*ASSIGNED TASK*.
Go through the entries below and print, exactly, the lines starting at the one with "Ein Golfball balanciert" and ending at the one with "clutch rød guldlukning", keeping both ends and no others.

[[ RECORDS, beginning ]]

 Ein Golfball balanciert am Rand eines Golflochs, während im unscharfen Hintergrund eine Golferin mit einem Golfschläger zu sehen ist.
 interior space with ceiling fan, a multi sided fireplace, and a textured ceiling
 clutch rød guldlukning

[[ RECORDS, end ]]
[[ RECORDS, beginning ]]

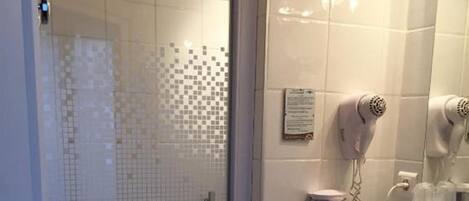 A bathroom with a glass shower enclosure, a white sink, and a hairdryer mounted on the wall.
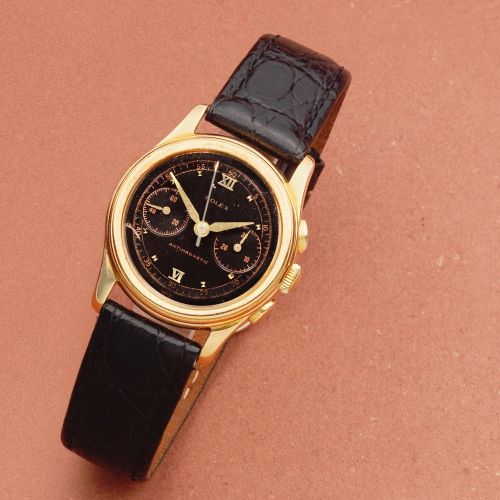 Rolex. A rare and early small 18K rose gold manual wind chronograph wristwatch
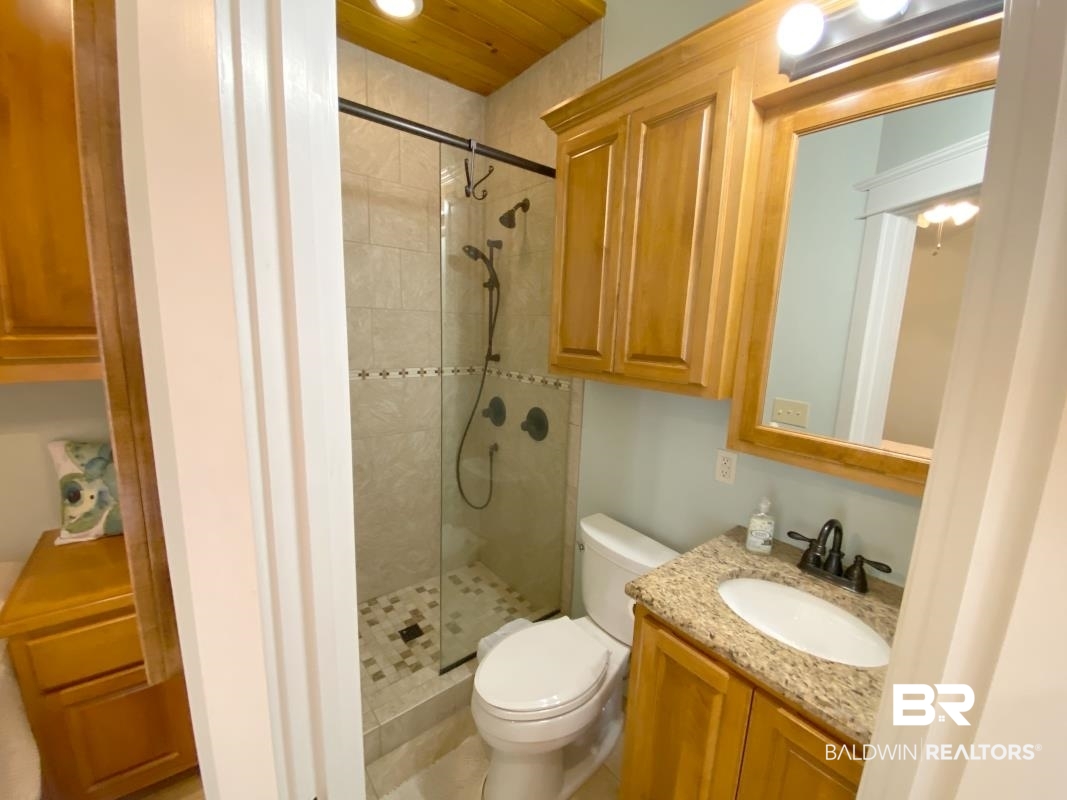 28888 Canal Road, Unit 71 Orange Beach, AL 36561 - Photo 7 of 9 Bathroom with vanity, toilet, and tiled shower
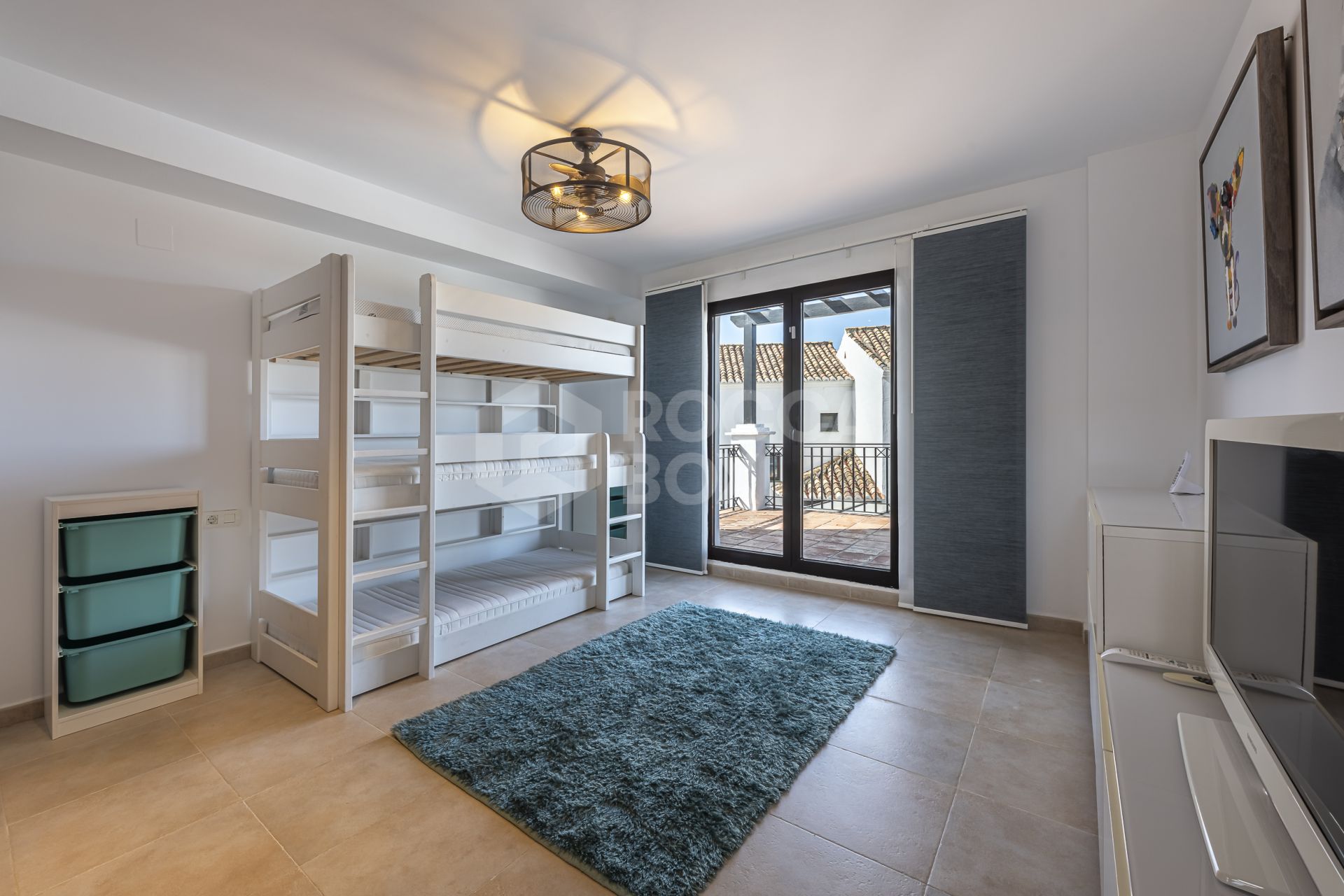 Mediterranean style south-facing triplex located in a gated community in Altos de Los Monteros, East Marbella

[[ RECORDS, end ]]

*EXPECTED ANSWER*.
 Ein Golfball balanciert am Rand eines Golflochs, während im unscharfen Hintergrund eine Golferin mit einem Golfschläger zu sehen ist.
 interior space with ceiling fan, a multi sided fireplace, and a textured ceiling
 clutch rød guldlukning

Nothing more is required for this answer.